ASSIGNED TASK -
In the listing below, a line holding "EL VALIENTE" and a line holding "For Sense TW102" mark the range. Retype both exactly, with all lines between them.

DATA SECTION -
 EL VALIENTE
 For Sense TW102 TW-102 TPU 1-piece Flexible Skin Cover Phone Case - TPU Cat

--

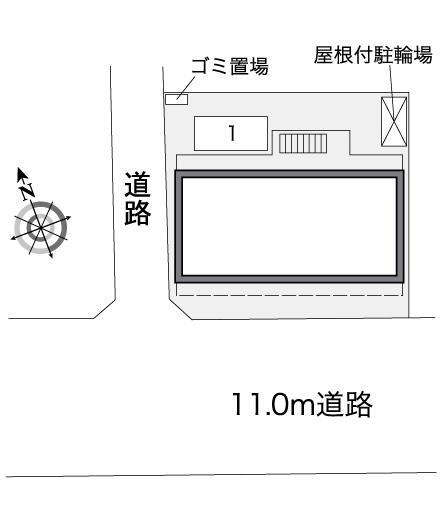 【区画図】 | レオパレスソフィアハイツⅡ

--

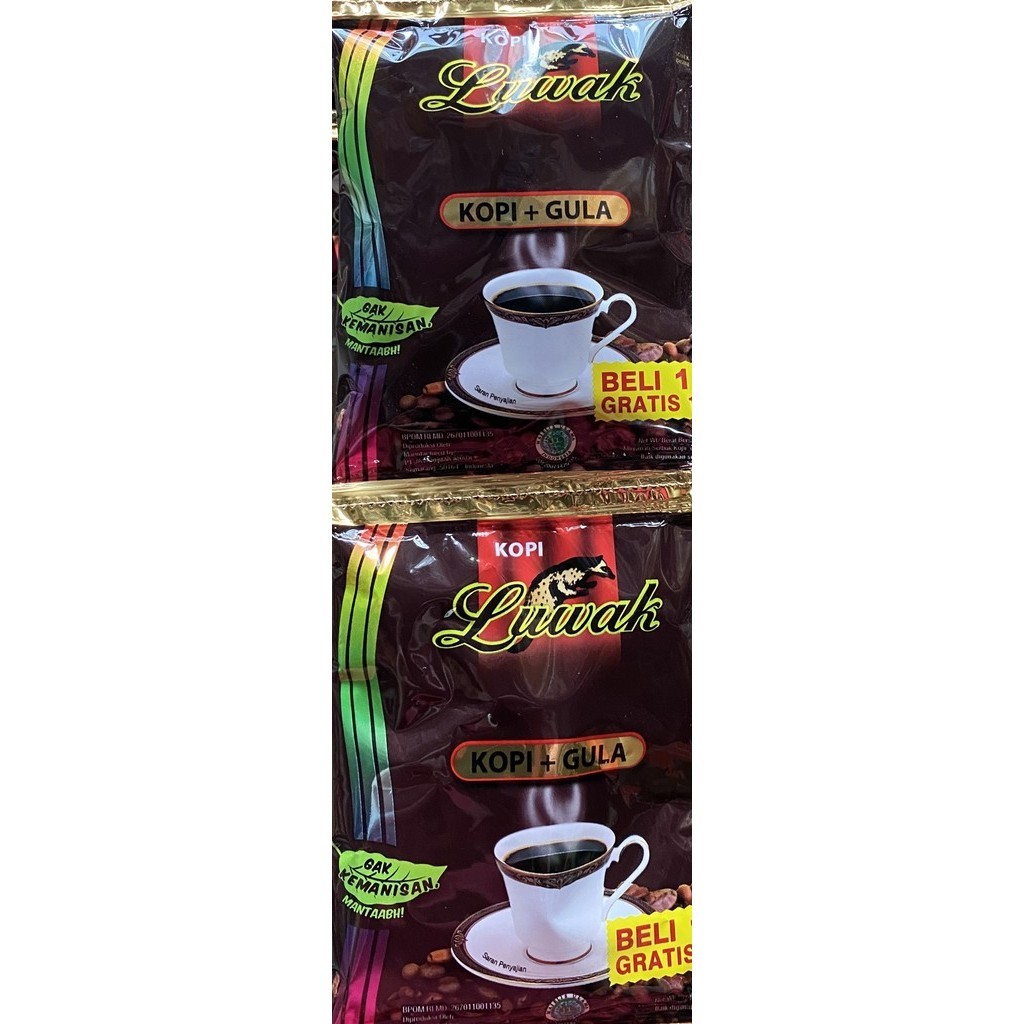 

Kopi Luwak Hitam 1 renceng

RESULT FOR THIS EXERCISE -
 EL VALIENTE
 For Sense TW102 TW-102 TPU 1-piece Flexible Skin Cover Phone Case - TPU Cat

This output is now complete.